→ Exercise data

++++++++

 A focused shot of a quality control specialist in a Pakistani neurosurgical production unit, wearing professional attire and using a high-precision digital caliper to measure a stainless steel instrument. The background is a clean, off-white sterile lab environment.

++++++++

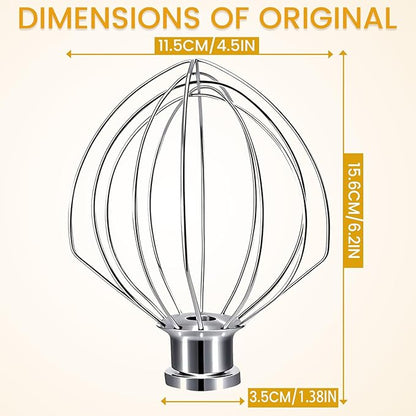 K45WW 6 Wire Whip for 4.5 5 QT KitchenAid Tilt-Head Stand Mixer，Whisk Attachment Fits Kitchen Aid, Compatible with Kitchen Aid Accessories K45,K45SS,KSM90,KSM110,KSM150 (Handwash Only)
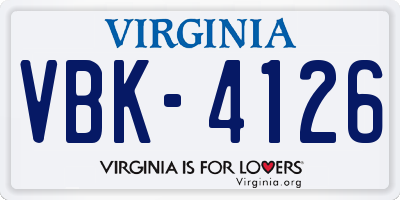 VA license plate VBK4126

++++++++

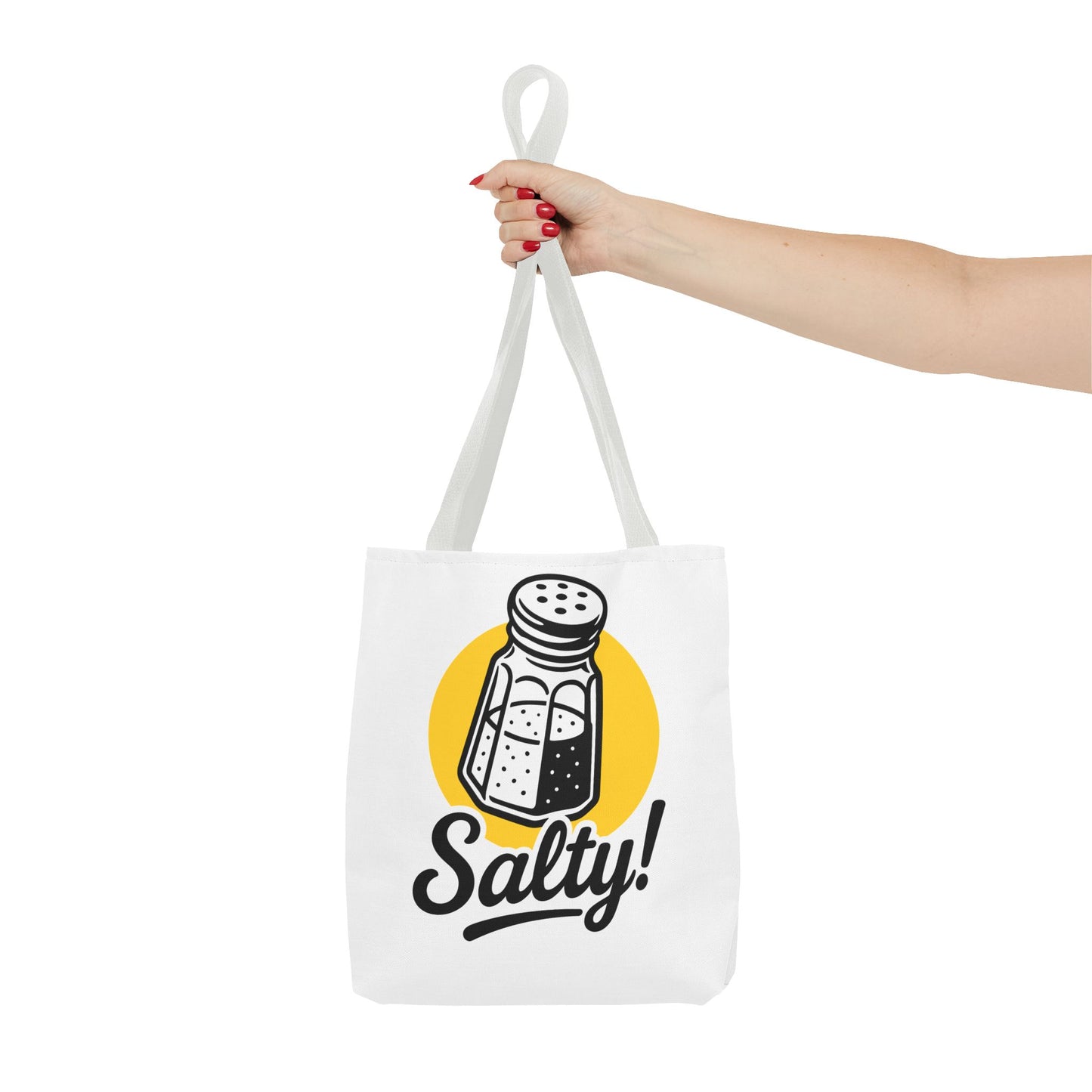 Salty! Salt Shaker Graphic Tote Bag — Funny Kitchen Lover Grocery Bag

++++++++

→ The task
Every line above between the one containing "K45WW 6 Wire" and the one containing "VA license plate VBK4126", those two included, is to be printed exactly. No pictures go into the copy.

→ Your solution
 K45WW 6 Wire Whip for 4.5 5 QT KitchenAid Tilt-Head Stand Mixer，Whisk Attachment Fits Kitchen Aid, Compatible with Kitchen Aid Accessories K45,K45SS,KSM90,KSM110,KSM150 (Handwash Only)
 VA license plate VBK4126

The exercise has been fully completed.